1 cup (2 sticks) unsalted butter, softened

1 cup granulated sugar

1 cup lightly packed dark brown sugar

2/3 cup Nutella

2 eggs

2 teaspoons pure vanilla extract

2 1/2 cups all purpose flour

1 teaspoon baking soda

1/2 teaspoon sea salt

2 cups mini peanut butter cups

(or peanut butter cup baking pieces)

2 cups semisweet chocolate chips

Preparation

Preheat the oven to 350°F. Line baking sheets with parchment paper or silicon liners and set aside.

Cream together the butter, sugar, and brown sugar until light and fluffy. Add the Nutella and continue to beat until well combined. Add in the eggs one at a time, beating after each addition. Add in the vanilla and beat for an additional 30 seconds, until incorporated into the creamed mixture.

In a separate bowl, whisk together the flour, baking soda, and sea salt. Gradually add the dry ingredients to the creamed mixture, mixing just enough that the dry ingredients are incorporated. Stir in the peanut butter cups and chocolate chips.

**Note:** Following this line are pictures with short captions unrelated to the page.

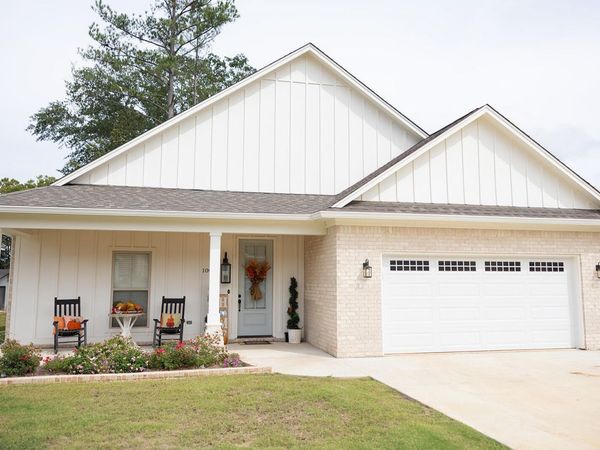 1004 Celi Pearl Cv., New Albany, MS 38652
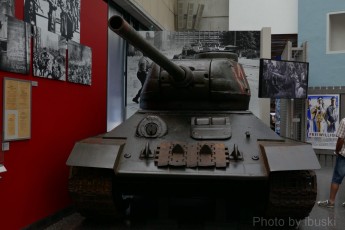 T34/85 front view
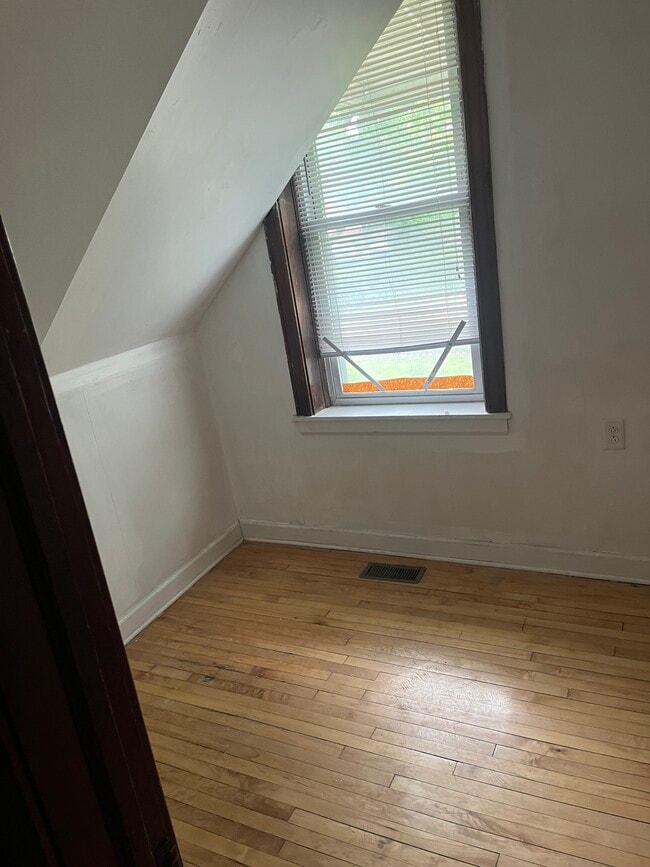 Building Photo - 3130 W 40th Pl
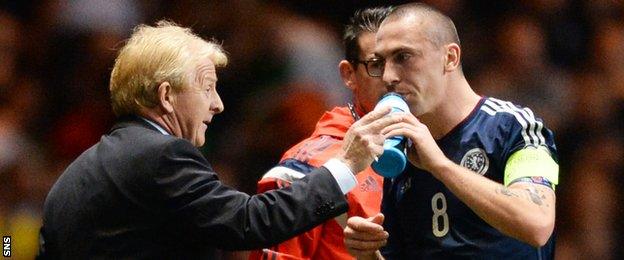 Scotland boss Gordon Strachan gives Scott Brown a drink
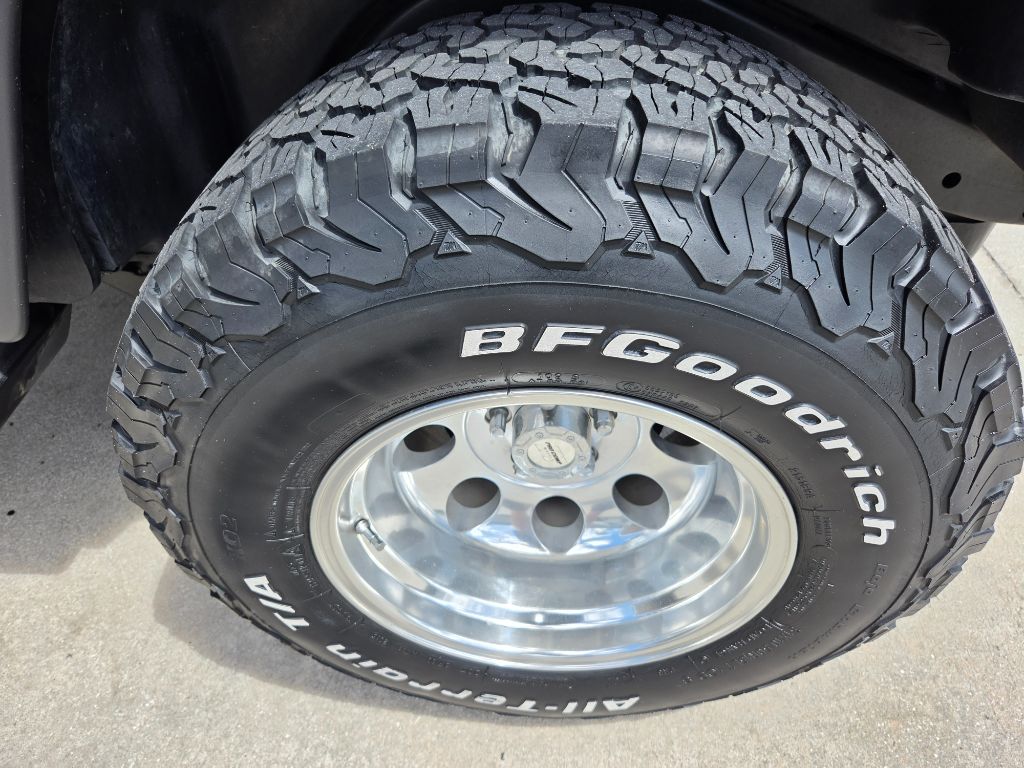 2006 Jeep Wrangler - $11,750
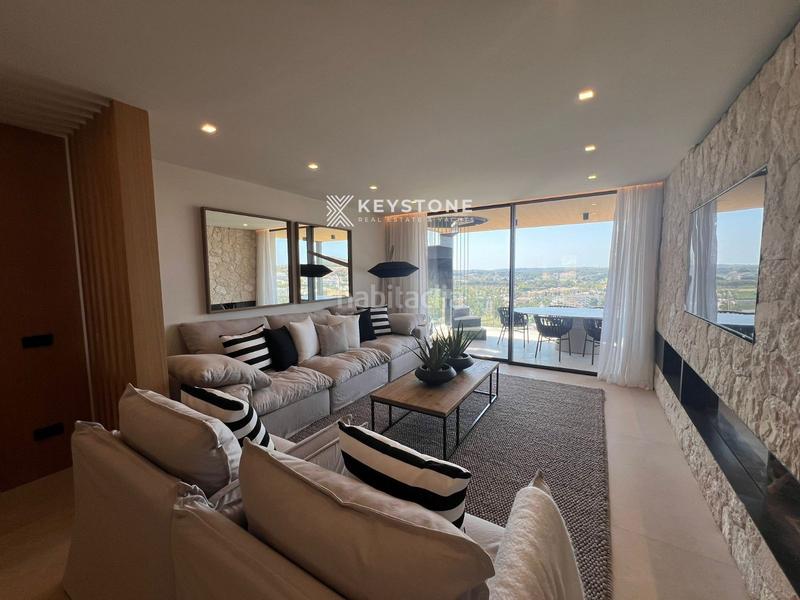 Foto 4a4a36e3-2a05-4533-8872-aee24b2191fc. Rent penthouse with parking pool in Costa de la Calma Calvià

Use a 1/4 cup scoop to drop the cookies onto the prepared baking sheets (leaving a few inches in between the cookies because they will spread quite a bit). Bake for 15 - 17 minutes, until the cookies are just set and slightly cracked on top. Let the cookies cool on the baking sheet for about 5 minutes before transferring to a wire rack to cool completely.